I think it's wrong, on the particle there should be a greater force, proportional to the gamma factor. But maybe the author intended to refer to its mass and not to its weight (which kind of book is it? Is it a universitary text?)
Quote
What would you expect would happen to the magnitude of the gravitational field if the source of the field was moving?
Don't know, but is it really the same question as the particle's weight?
Quote
Authors who don't use and don't like the concept of relativistic mass make arguments such as the following which are from Appendix F in the text Special Relativity by T.M. Helliwell page 259. I'm going to paraphrase a bit to save myself some typing but the essence of what I'm quoting will not be changed. The author uses the symbol mR to represent relativistic mass.
Quote
(i) By hiding √{1 - v2} in the mass, we may forget it is there. ...

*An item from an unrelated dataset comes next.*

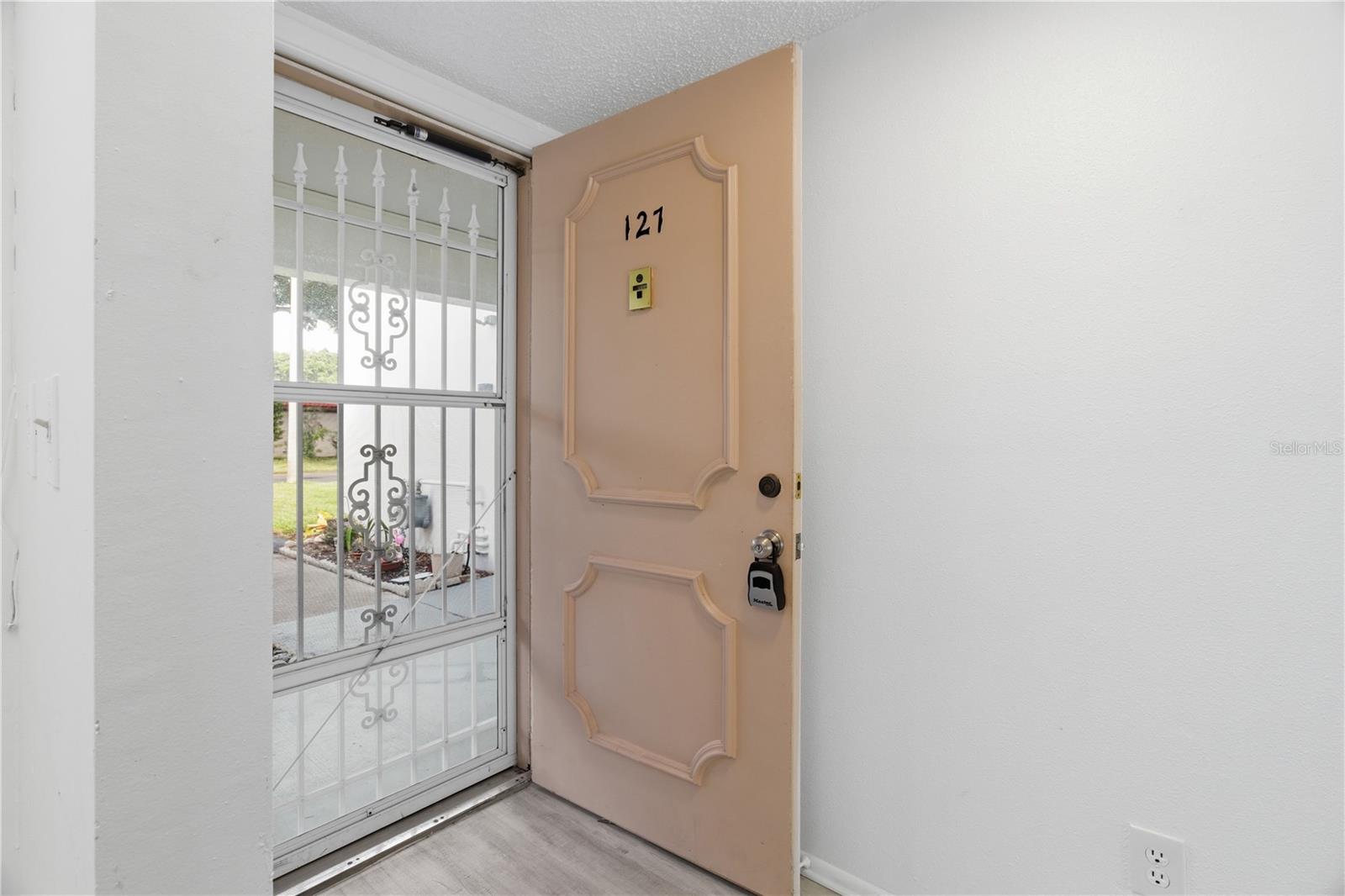 Image 4 of 39 For 2060 Marilyn Street 127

(ii) One may get the mistaken impression that to go from classical to relativistic mechanics its only necessary to replay all masses by mR. This certainly works for the momentum p = mRv, but it does not work, for example, for kinetic energy: The relativistic kinetic energy is not (1/2)mRv2. And it works in Newton's second law F = ma only in the very special case where the force exerted on a particle is perpendicular to its velocity. In all other cases F != ma.

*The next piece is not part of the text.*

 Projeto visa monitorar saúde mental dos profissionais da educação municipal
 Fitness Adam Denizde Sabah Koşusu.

(iii) Relativity fundamentally serves to correct our notions about time and space. That is, it is really the dynamical equations dealing with motion, like energy and momentum, that ought to be changed, and not the properties of individual particles, like mass.

(iii) When relativity is cast in four-dimensional spacetime form, ...., the idea of relativistic mass is out of place and clumsy.
I agree with these three points and I would even add others, but I've already discussed about them in many other threads. All of this in SR only, however, even because I don't know anything of GR.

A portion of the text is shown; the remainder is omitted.